- **EXERCISE BRIEF**
Give back exactly the lines that start at the one containing "Inel ombilical din" and run to the end of the material, leaving out the pictures.

- **EXERCISE INPUTS**
+ + +
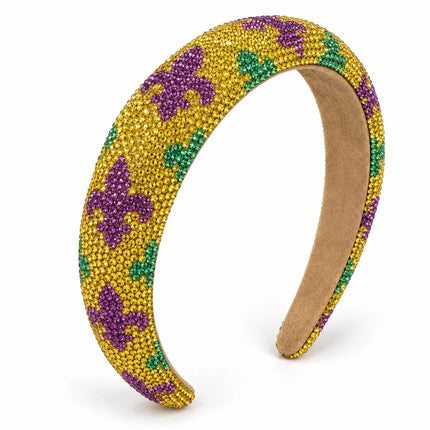 Mardi Gras Fleur-de-Lis Rhinestone Headband Purple, Green & Gold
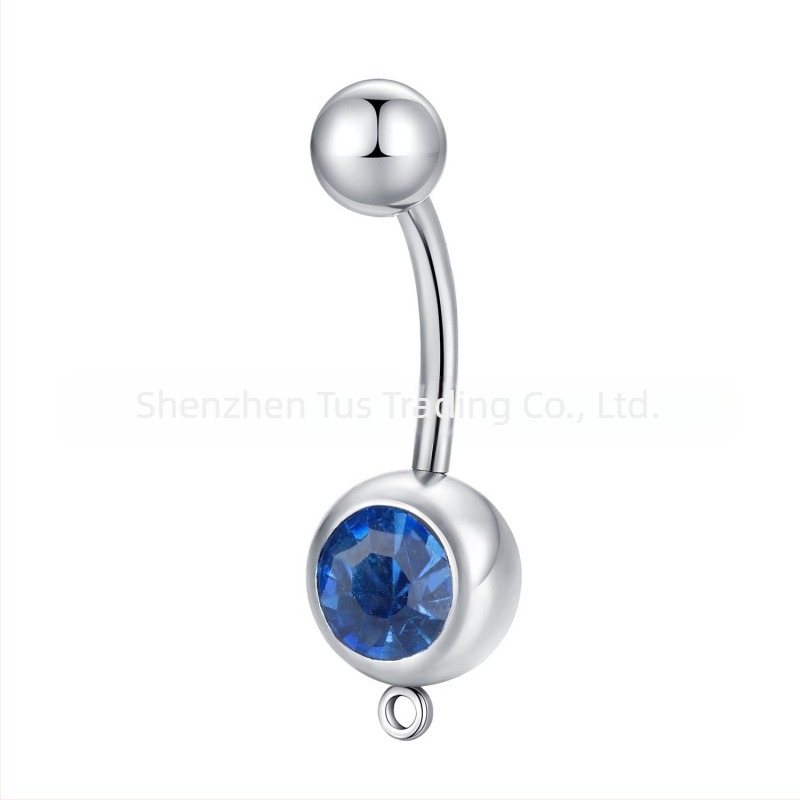 Inel ombilical din oțel titan, simplu, unisex, design geometric, placare electrolitică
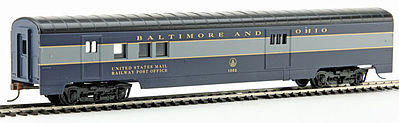 Con-Cor 19203 HO Scale 72' Smooth-Side Railway Post Office - Ready to Run -- Baltimore & Ohio (blue, gray)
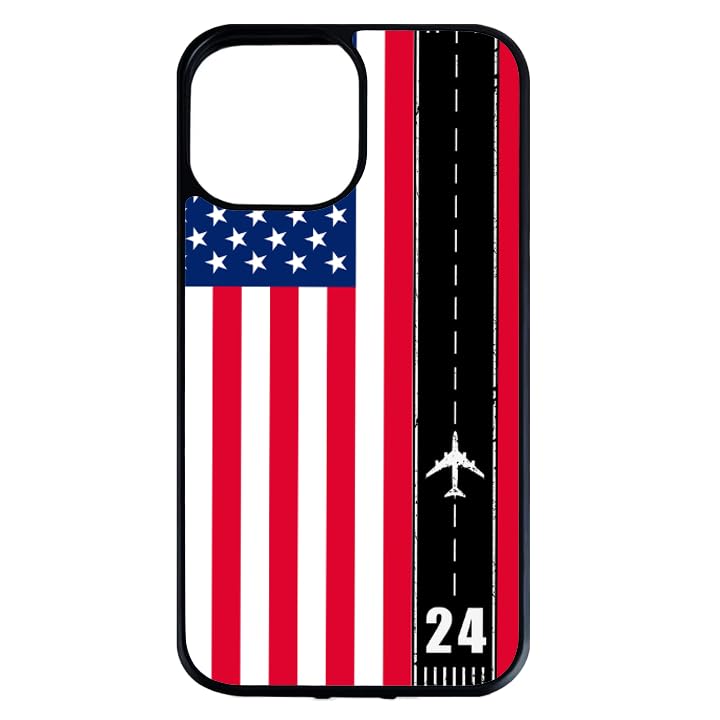 American Flag Airplane Runway Pilot Travel Aviation iPhone 13 Pro Case - Durable Shockproof Slim TPU Rubber Non-slip Phone Cover - Perfect for Air Travel, Airport Commutes & Aviation Enthusiasts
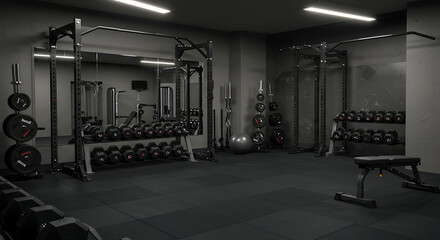 A barbell rests on gym equipment in the empty indoor fitness room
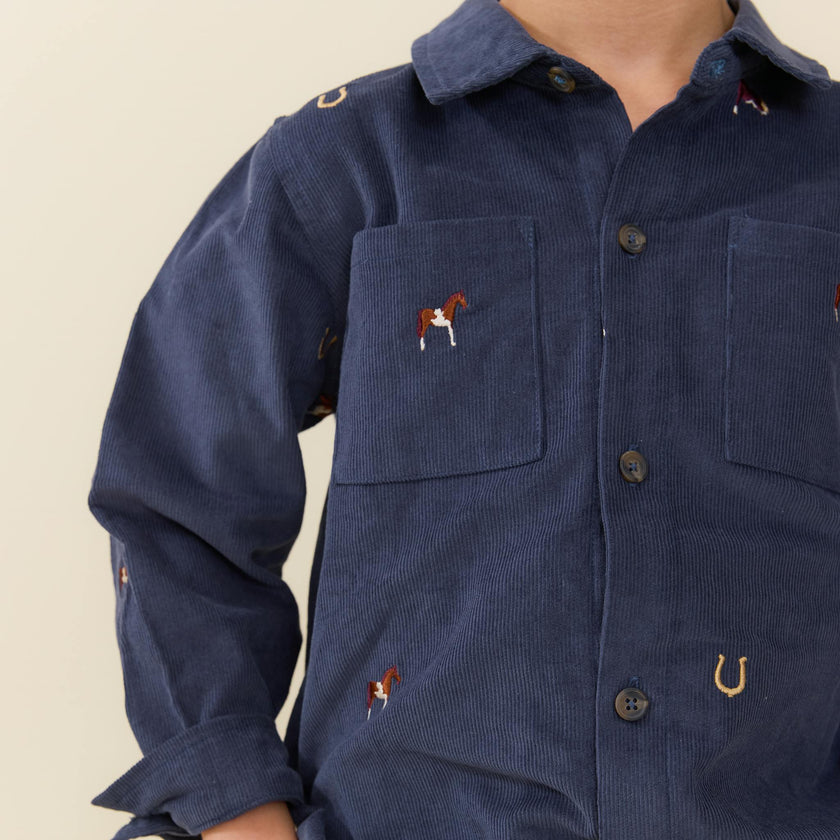 Boys Long Sleeve Jack Shirt - Navy Horse Embroidery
+ + +
- **RESULT OF THIS TASK**
 Inel ombilical din oțel titan, simplu, unisex, design geometric, placare electrolitică
 Con-Cor 19203 HO Scale 72' Smooth-Side Railway Post Office - Ready to Run -- Baltimore & Ohio (blue, gray)
 American Flag Airplane Runway Pilot Travel Aviation iPhone 13 Pro Case - Durable Shockproof Slim TPU Rubber Non-slip Phone Cover - Perfect for Air Travel, Airport Commutes & Aviation Enthusiasts
 A barbell rests on gym equipment in the empty indoor fitness room
 Boys Long Sleeve Jack Shirt - Navy Horse Embroidery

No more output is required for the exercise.